Here's what I did:
I wrote 2 different equations using NC as number of children and NA as number of adults.
the first thing the problem tells us is that adults + children is 700. So NC + NA = 700.
Next, it tells us that the number of children at $7 per child is (7)NC. And the number of adults times $10 per adult is 10(NA). The total amount of money collected from both 7NC + 10NC is equal to 6,400.
So: 7NC + 10NA= 6,400
(Note: it's helpful to ignore the dollar signs for now.)
Next, set the two equations so that they are like an addition problem.
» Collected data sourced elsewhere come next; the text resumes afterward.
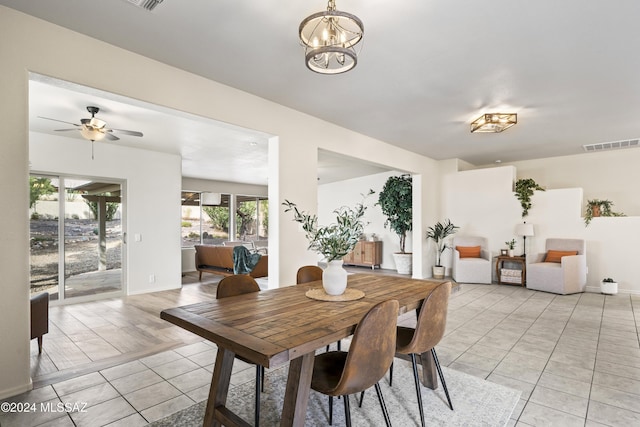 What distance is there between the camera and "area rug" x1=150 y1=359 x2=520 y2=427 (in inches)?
79.0

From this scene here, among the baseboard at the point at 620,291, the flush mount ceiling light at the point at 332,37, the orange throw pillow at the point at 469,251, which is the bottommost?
the baseboard at the point at 620,291

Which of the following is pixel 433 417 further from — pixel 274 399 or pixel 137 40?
pixel 137 40

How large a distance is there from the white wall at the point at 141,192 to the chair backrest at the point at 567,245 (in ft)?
23.8

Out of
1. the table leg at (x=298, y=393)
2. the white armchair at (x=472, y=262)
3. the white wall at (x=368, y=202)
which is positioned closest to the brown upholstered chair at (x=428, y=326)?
the table leg at (x=298, y=393)

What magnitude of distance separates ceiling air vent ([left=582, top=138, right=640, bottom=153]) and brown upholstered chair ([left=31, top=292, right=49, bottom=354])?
8.41 m

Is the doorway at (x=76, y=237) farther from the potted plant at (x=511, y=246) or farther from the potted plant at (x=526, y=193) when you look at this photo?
the potted plant at (x=526, y=193)

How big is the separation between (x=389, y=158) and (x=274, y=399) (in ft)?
14.9

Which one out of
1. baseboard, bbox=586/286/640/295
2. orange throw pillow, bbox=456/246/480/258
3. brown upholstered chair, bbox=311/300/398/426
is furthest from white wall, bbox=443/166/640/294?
brown upholstered chair, bbox=311/300/398/426

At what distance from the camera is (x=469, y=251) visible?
6816mm

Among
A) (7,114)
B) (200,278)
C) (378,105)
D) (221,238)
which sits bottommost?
(200,278)

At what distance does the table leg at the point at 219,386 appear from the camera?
1811 millimetres

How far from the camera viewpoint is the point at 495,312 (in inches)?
176

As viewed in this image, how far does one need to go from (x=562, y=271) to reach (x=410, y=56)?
4.92 m

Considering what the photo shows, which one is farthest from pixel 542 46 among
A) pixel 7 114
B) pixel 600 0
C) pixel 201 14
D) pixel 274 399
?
pixel 7 114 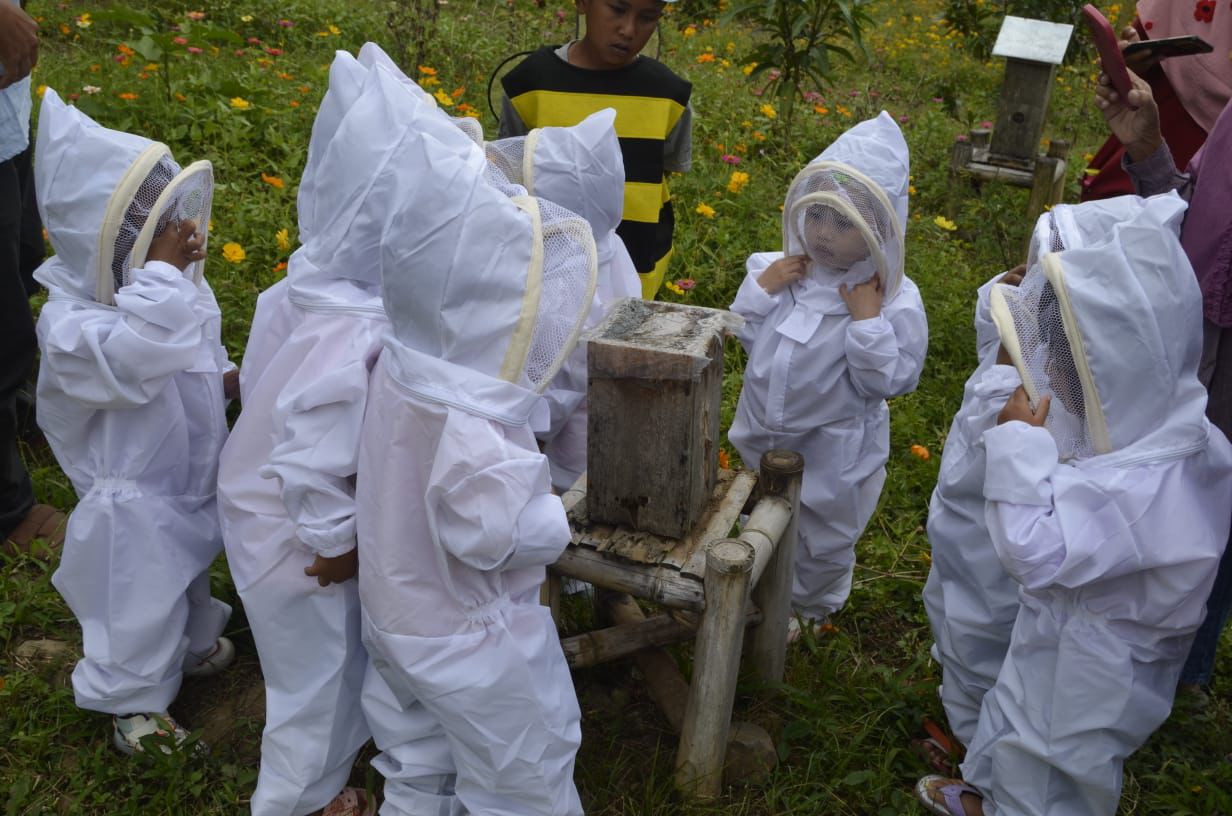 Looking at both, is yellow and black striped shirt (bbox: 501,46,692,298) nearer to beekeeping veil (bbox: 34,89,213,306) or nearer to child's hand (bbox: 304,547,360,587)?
beekeeping veil (bbox: 34,89,213,306)

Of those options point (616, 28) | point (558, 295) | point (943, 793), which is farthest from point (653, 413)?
point (616, 28)

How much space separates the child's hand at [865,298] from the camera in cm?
276

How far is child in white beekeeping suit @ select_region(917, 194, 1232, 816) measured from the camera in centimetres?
204

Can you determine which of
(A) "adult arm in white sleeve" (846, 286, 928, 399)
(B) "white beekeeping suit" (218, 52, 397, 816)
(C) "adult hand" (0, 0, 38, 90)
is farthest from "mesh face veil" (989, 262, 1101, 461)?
(C) "adult hand" (0, 0, 38, 90)

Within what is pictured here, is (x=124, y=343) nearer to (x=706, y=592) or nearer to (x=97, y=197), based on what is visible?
(x=97, y=197)

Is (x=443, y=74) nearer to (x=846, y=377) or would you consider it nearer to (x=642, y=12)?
(x=642, y=12)

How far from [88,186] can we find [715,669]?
183 cm

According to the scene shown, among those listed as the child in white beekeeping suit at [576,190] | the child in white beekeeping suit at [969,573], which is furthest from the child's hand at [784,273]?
the child in white beekeeping suit at [969,573]

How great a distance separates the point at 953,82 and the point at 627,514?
687cm

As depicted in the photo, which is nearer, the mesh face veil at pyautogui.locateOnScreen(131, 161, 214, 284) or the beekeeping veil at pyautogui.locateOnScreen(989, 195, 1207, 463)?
the beekeeping veil at pyautogui.locateOnScreen(989, 195, 1207, 463)

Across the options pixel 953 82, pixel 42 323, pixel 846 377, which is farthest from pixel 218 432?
pixel 953 82

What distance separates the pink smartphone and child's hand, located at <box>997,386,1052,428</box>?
95cm

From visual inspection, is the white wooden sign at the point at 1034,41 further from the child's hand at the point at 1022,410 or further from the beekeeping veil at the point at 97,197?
the beekeeping veil at the point at 97,197

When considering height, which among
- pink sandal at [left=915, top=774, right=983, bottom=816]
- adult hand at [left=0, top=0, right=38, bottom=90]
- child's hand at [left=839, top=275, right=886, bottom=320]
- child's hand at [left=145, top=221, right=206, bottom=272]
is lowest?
pink sandal at [left=915, top=774, right=983, bottom=816] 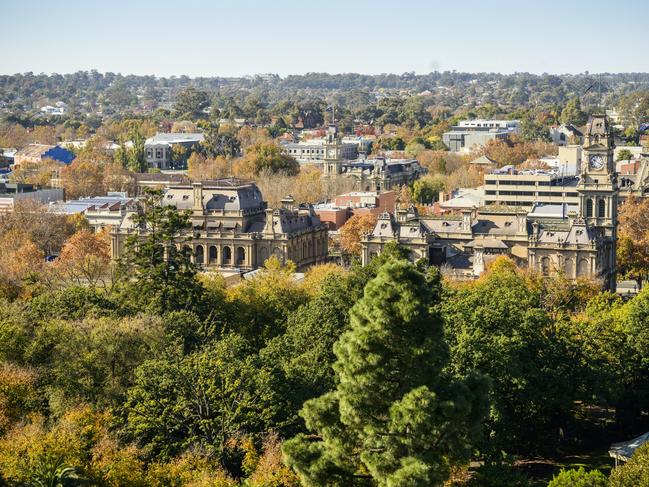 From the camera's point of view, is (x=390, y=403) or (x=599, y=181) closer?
(x=390, y=403)

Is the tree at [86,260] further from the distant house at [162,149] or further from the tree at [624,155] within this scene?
the distant house at [162,149]

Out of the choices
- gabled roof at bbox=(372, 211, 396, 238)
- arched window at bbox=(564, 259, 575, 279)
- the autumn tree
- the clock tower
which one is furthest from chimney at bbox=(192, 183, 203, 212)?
the autumn tree

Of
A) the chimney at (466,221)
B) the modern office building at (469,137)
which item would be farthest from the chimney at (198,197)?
the modern office building at (469,137)

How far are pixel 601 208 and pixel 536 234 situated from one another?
659 centimetres

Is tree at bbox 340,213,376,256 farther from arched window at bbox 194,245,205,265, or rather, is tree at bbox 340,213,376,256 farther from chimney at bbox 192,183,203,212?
chimney at bbox 192,183,203,212

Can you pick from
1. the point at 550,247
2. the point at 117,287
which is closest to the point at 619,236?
the point at 550,247

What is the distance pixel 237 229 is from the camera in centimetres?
8456

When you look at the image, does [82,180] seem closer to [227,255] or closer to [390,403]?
[227,255]

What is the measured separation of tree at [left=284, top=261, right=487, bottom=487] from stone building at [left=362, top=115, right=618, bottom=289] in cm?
4729

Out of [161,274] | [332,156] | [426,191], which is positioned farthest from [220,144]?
[161,274]

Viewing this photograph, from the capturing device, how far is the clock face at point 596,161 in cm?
8294

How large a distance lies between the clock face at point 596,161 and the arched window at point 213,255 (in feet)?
82.0

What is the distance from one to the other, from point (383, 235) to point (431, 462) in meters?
53.2

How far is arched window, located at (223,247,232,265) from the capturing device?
8412cm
Now, all you need to do is get rid of one Unknown (the 2 unknowns are NC and NA), but to do that, you need to have both of the same unknowns equal and one of them negative so they will cancel each other out. The easiest way to do this is to multiply both sides of the bottom equation by either -7 or -10. (You will get the right answer either way, you will just be solving for either NC or NA each time.)
And now, once you add, you're left with 3 NA= 1,500. divide the 1500 by the 3 and you're left with NA= 500
Finally, you can plug the 500 into your NC+NA=700 equation to get NC+500=700 which adds up to NC= 200.
So your two answers are:
200 Children and 500 adults :)
at 200($7)= $1,400 on children's tickets
at 500($10)= 5,000 on adult tickets